Et puis encore, j’ai eu honte de ma propre crédulité concernant l’appareil judiciaire en lisant le jugement pour le moins ravageur du magistrat Fraser Martin à propos du déroulement cahoteux d’une enquête qui s’en va vraisemblablement à vau-l’eau.
Mais là, je suis accablé, car j’ai honte de nous. Collectivement parlant.
En lisant les témoignages de victimes de racisme et de harcèlement colligés par mon collègue Frédéric Denoncourt (texte d’actualité en page 6, dans lequel de nombreux membres de la communauté noire de Québec affirment être, depuis le scandale de la prostitution juvénile, dans le collimateur des flics et de leurs concitoyens), j’ai même sérieusement songé à déménager.
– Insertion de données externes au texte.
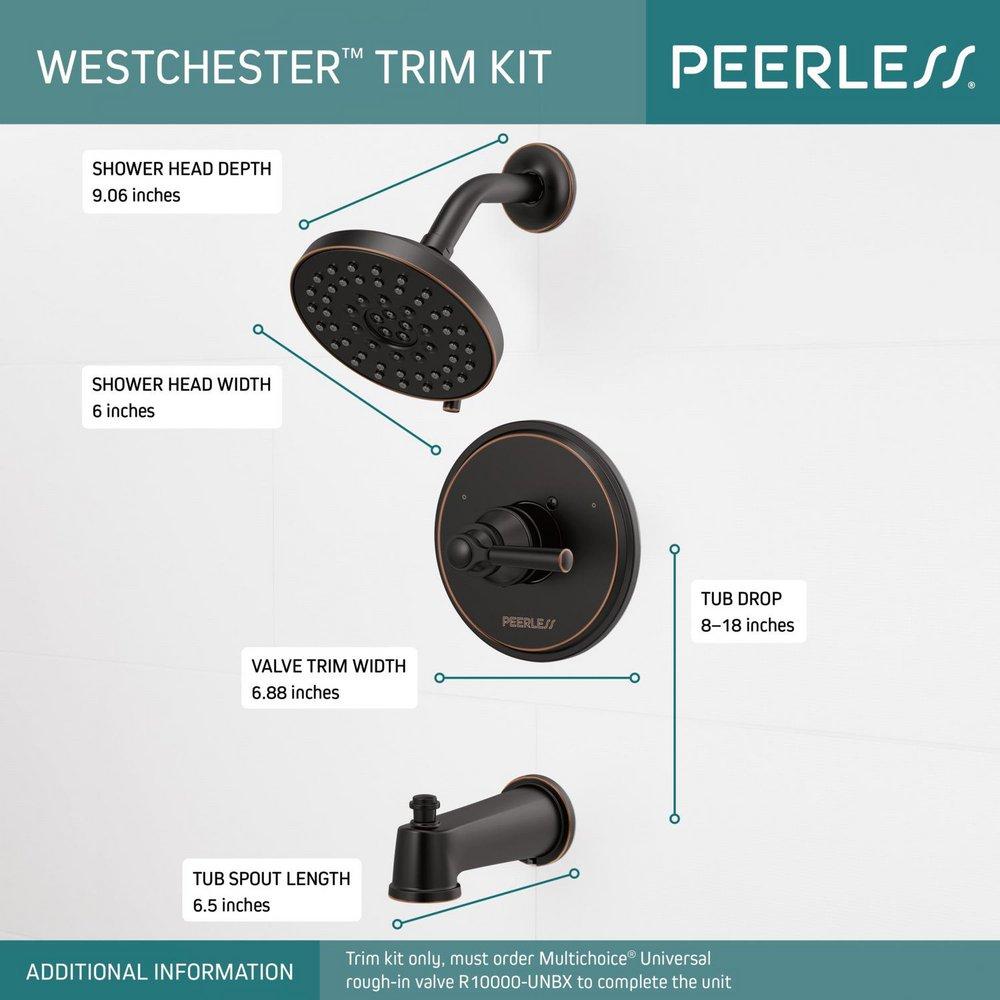 Peerless&reg; Oil Rubbed Bronze Single Handle Multi Bathtub & Shower Faucet Trim Only 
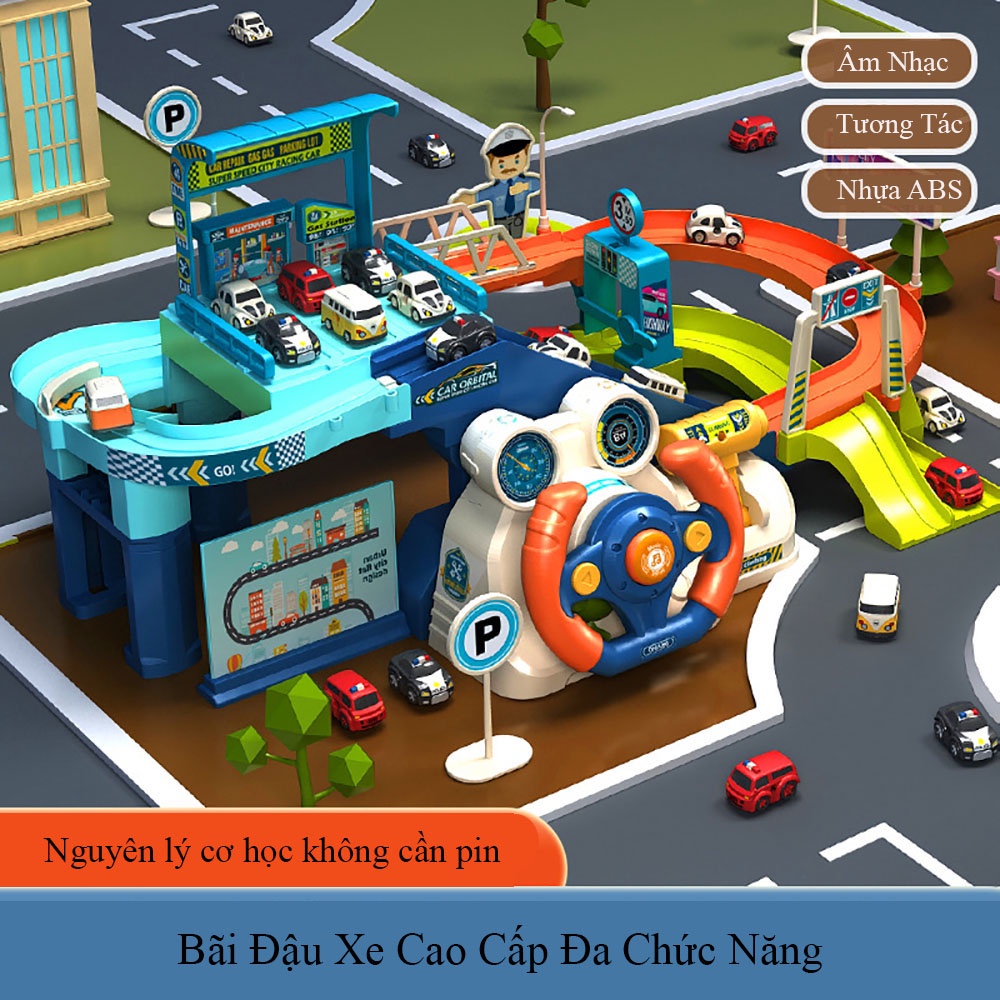 Đồ chơi trẻ em đường đua ô tô cao cấp kết hợp vô lăng âm nhạc sống động. Bộ đồ chơi mang lại nhiều cảm xúc mới lạ cho bé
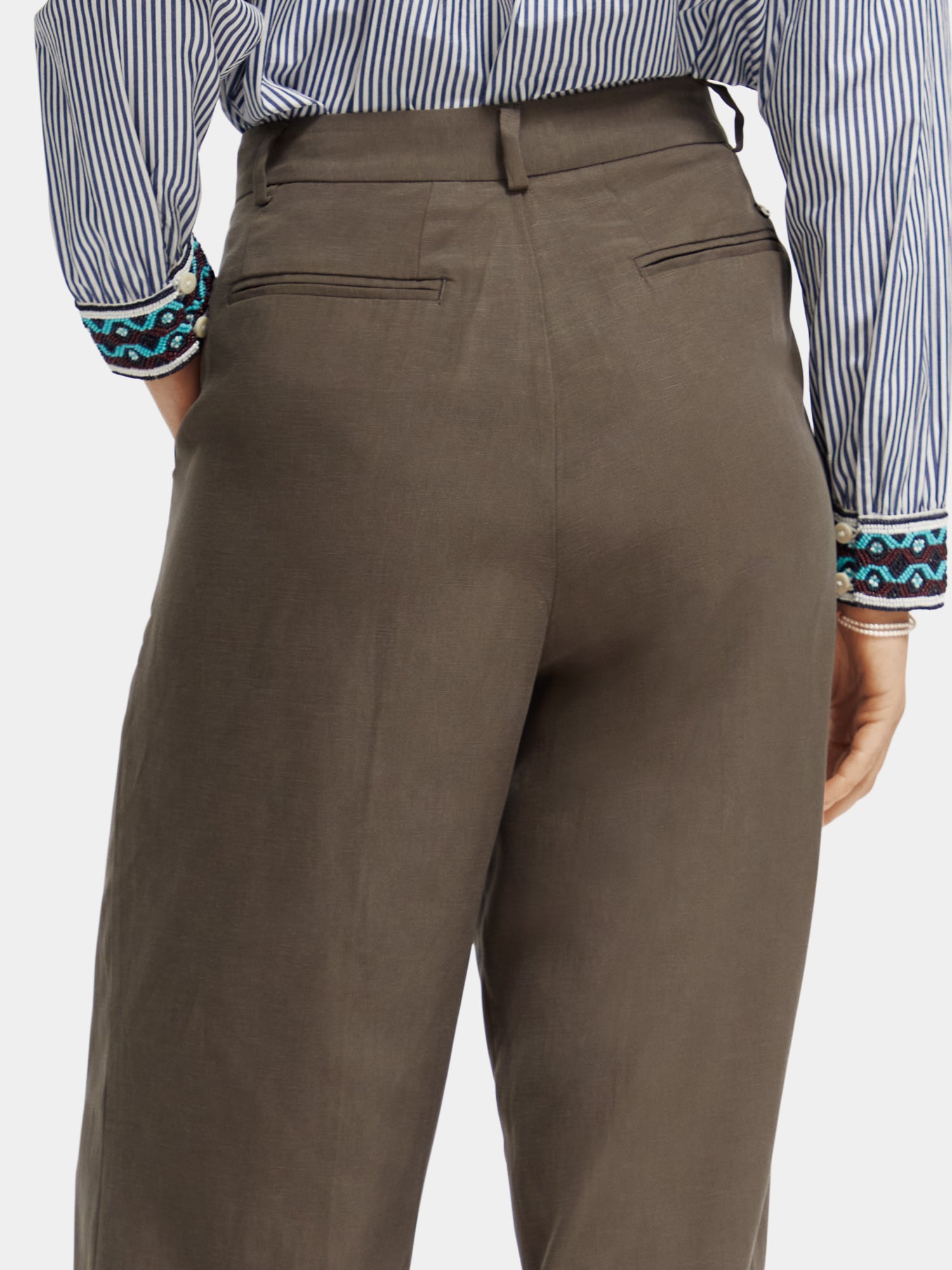 Pleated mid-rise wide-leg pants - Scotch & Soda AU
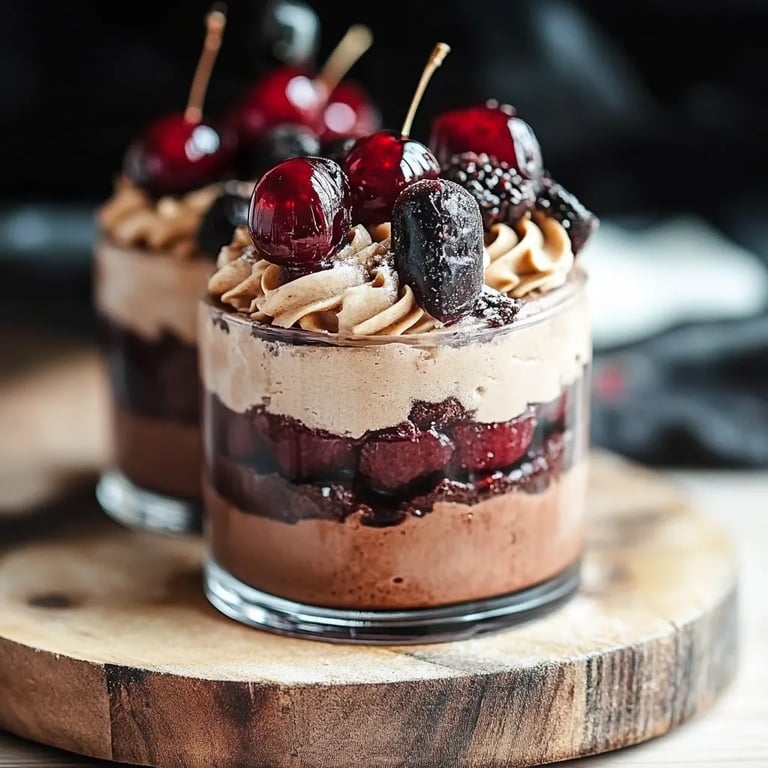 Lebkuchenmousse mit Zimtkirschen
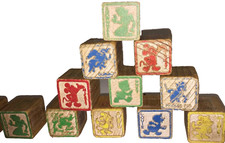 Lot of 23 Vtg 1.25" Wooden Blocks Disney Number Letters ABCs Baby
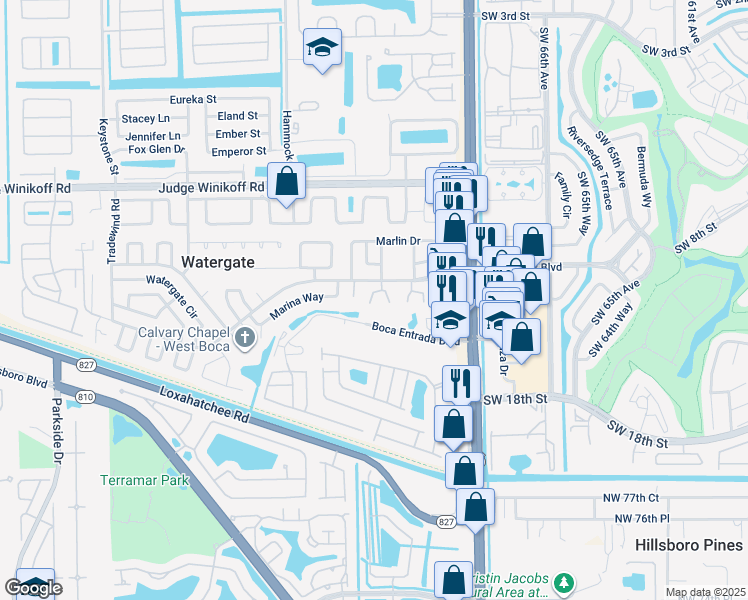 map of restaurants, bars, coffee shops, grocery stores, and more near 10282 Boca Entrada Boulevard in Boca Raton
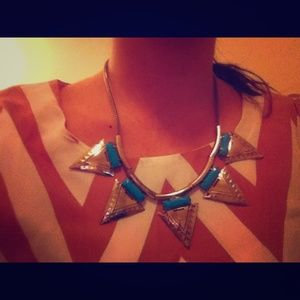 Gold and teal tribal necklace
Partir m’installer au fin fond de la vallée de la Jacques-Cartier, rejoindre mes amis qui y mènent une existence paisible, imperméable à toutes nos conneries. Ou mieux, j’irais m’acheter une cabane aux confins de la Toscane, ou dans la vallée de Moab, en Utah.
Quoique vivre au pays de Sylvio le facho ou de l’Oncle George ne m’enchante guère non plus… Mais bon, n’importe quoi pour ne plus avoir à subir votre hypocrisie.
Parce qu’hypocrites, vous l’êtes. Je l’ai déjà écrit: sous leurs dehors de tolérance, plusieurs Québécois sont des racistes inavoués. Ne suffit que d’un élément déclencheur pour faire tomber la barrière de la rectitude politique et nous ramener à notre véritable nature de paysans aussi ignobles qu’ignorants.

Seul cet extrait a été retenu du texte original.